Implementing alignment recommendations for the International Development Finance Club

This report identifies the changes the Paris Agreement implies for the role of Development Finance Institutions (DFIs) – specifically members of the IDFC – and how they may implement these changes through a targeted set of activities.This report proposes that alignment implementation can be facilitated by focusing on the following areas:

Key points
  • An internal working definition of alignment can serve as a common basis for implementation throughout the organization by clearly articulating how the institution will contribute to the Paris Agreement objectives and by sending a clear signal to staff, external market participants, and other stakeholders that climate action underpins the institution’s development objectives. The working definition can describe how the scope, scale, and time horizon dimensions of alignment apply to the institution.
  • For publicly mandated development finance institutions, the ability to implement alignment will be greatly facilitated – or constrained – by their countries of operation, both through enabling environments as well as the influence of governments on IDFC members through their Boards. However, IDFC members are also uniquely positioned and trusted to support governments to contribute most effectively to the objectives of the Paris Agreement, to which they have all agreed. Therefore, we propose in this study that alignment starts with the special relationship IDFC members have with the governments in their countries of operation.
  • Paris alignment will require executive leadership to influence how decisions are made and the modalities to execute them. Alignment can be embedded in the strategic level of the organization by adopting institution-wide objectives; a well-structured incentive and support system, and an updated risk management framework.
  • At the operations level, alignment requires changes in how investments are assessed and how capital is deployed. All investments across the institution’s operations will need to be assessed against alignment criteria, and capital should be deployed using modalities that help deliver the transformative change necessitated by the Paris Agreement.

 

While IDFC members share a common goal, the differences between them in terms of internal capacity, mandate, national circumstances, and resources imply a range of possible short-term paths. However, these must converge with urgency towards activities reflecting the full scope, scale, and time horizon of the Paris Agreement objectives.

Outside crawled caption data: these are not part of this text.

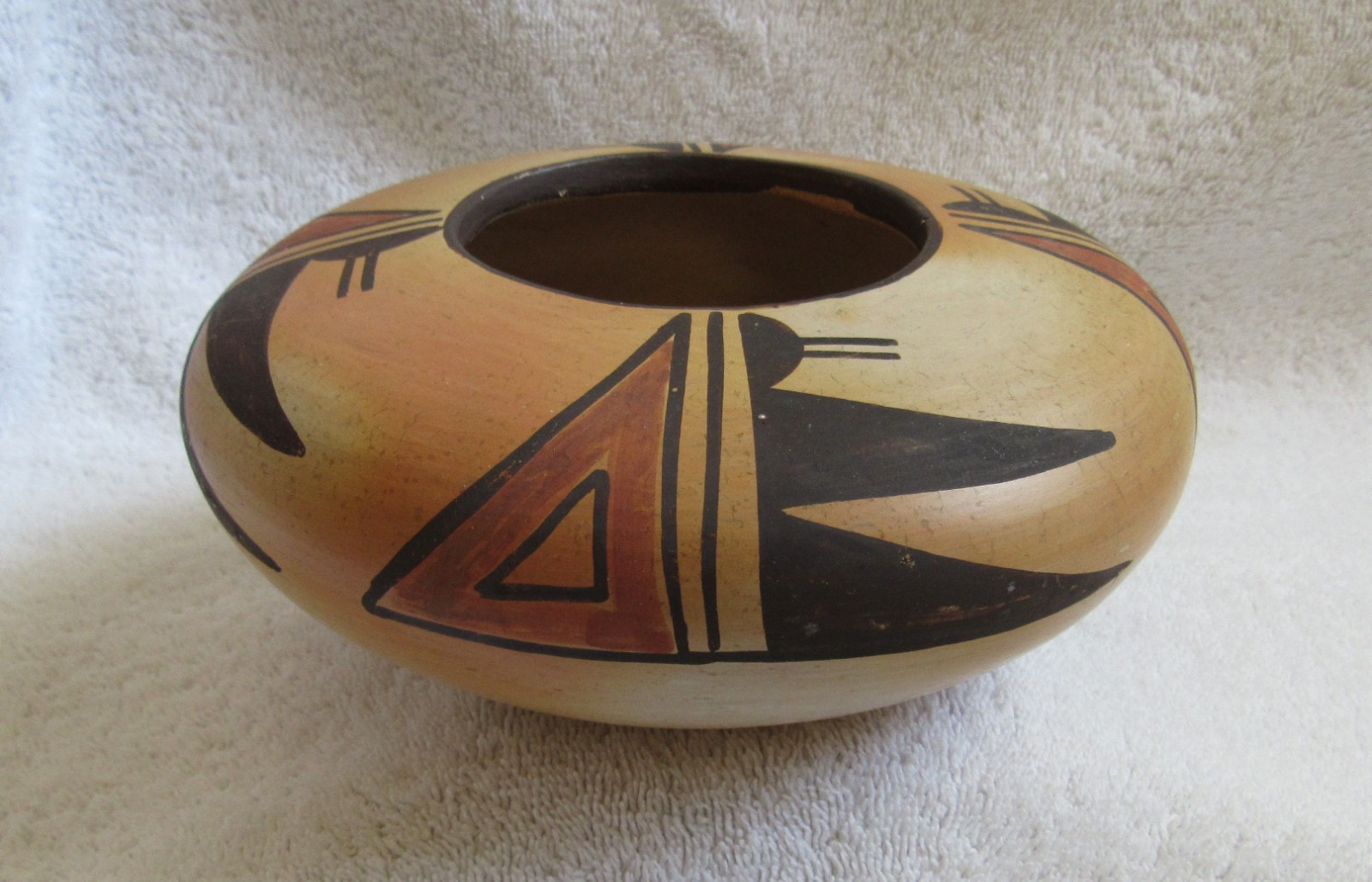 Antique Hopi Indian Nampeyo Style Sikyatki Revival Design Art Pottery Bowl Vase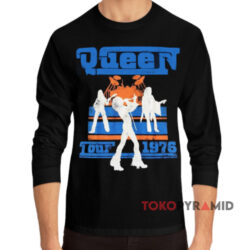Vintage Freddie Mercury Queen 1976 Tour Shirt 4 Vintage Freddie Mercury Queen 1976 Tour Black Long sleeved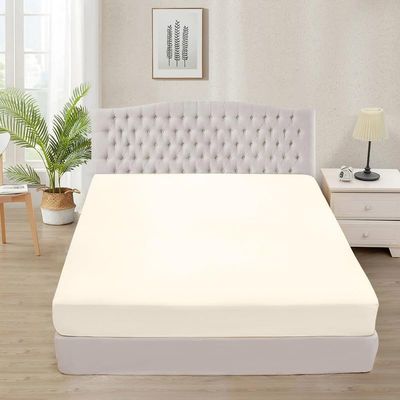 1000 TC Super Soft 1-Piece Fitted Bottom Sheet Only Emperor (84" x 84") Comfy & Breathable Peruvian Pima Cotton Fits Fully Elastic 7-9" Deep Pocket (Emperor, Solid, Ivory)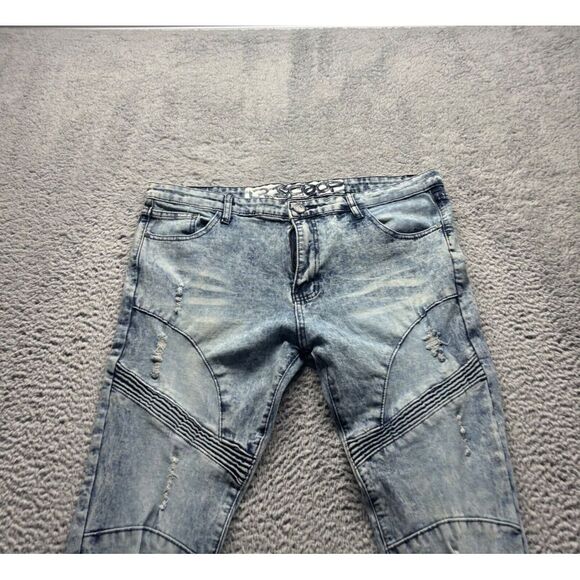 Scoop Jeans Mens 38x30 Blue Light Wash Cotton Skinny Stretch Distressed - Picture 2 of 9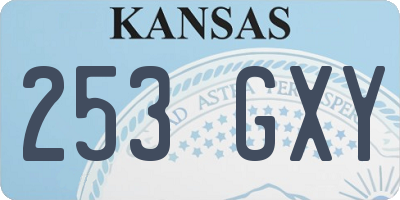 KS license plate 253GXY
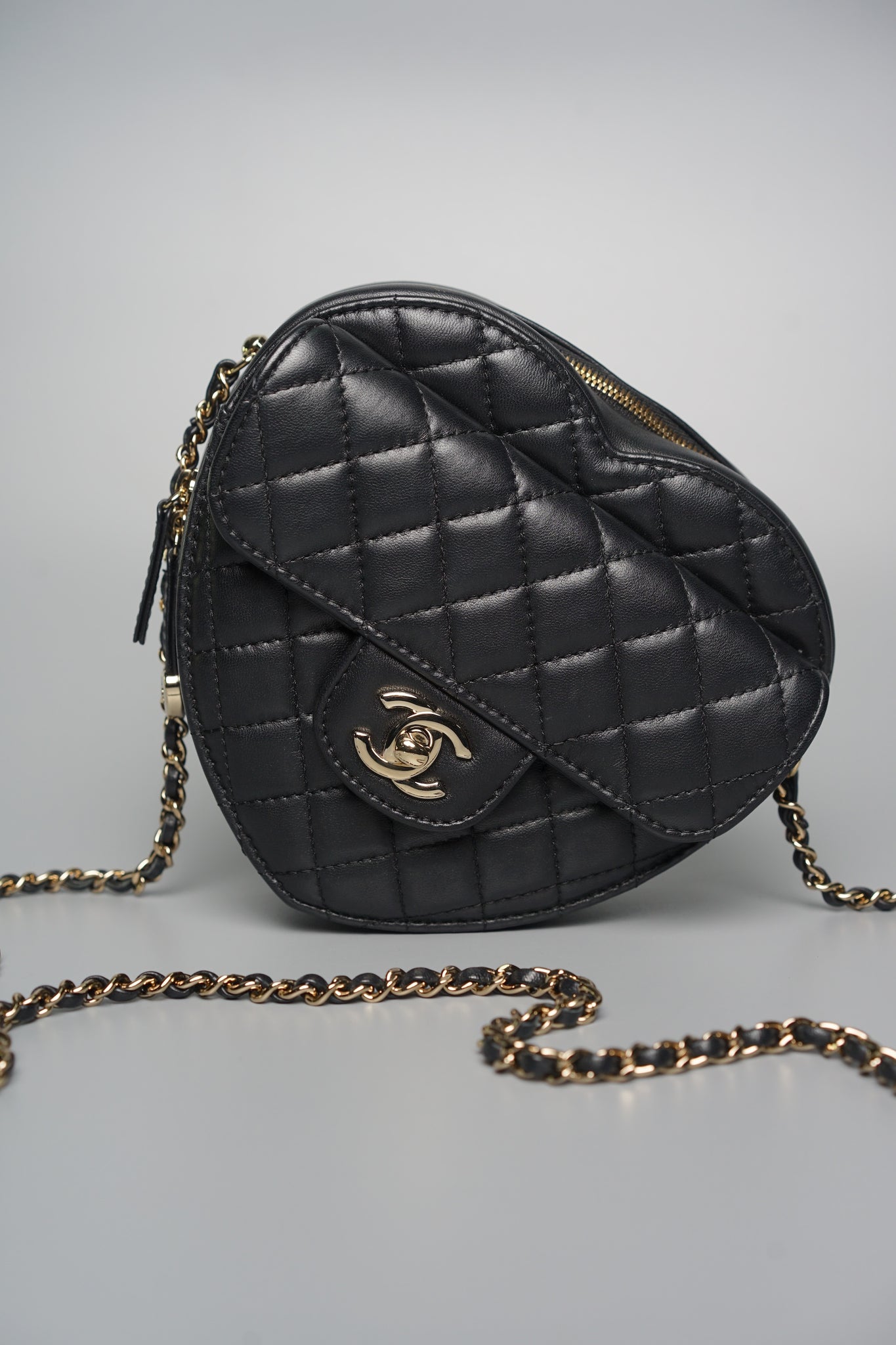 Chanel Heart Bag in Black Lambskin Shw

The transition to alignment for the IDFC, individually and collectively, will not be easy, and it will take time – and therefore it should start now. With the roadmap to alignment presented here as a guide, members can scale up and build upon successful examples of existing practices with the sustained, focused effort required across all activities for the Paris Agreement’s goals to be met.

While meeting this challenge will require unwavering commitment and engagement from members themselves, partnerships with others outside the IDFC will be vital. Collaboration with other financial institutions, both public and private, will be needed to streamline methodologies, metrics, and programming; reduce duplication; and accelerate the development of appropriate policy and financial instruments. Most crucially, IDFC members will need support – both political and financial – from the international community and shareholder governments to reach their potential to drive investment towards a Paris-aligned future.

Mandated by the International Development Finance Club (IDFC) and the European Climate Foundation, Climate Policy Initiative (CPI) and the Institute for Climate Economics (I4CE) conducted a research project in two parts:

  • Part 1led by I4CE, establishes a theoretical and conceptual basis for alignment, analyzing and describing the emerging interpretations of the definitions, principles, and approaches across the financial community, and builds on the experience of the Climate Action in Financial Institutions Initiative.
  • Part 2, led by CPI, identifies the changes the Paris Agreement implies for the role of Development Finance Institutions (DFIs) – specifically members of the IDFC – and how they may implement these changes through a targeted set of activities.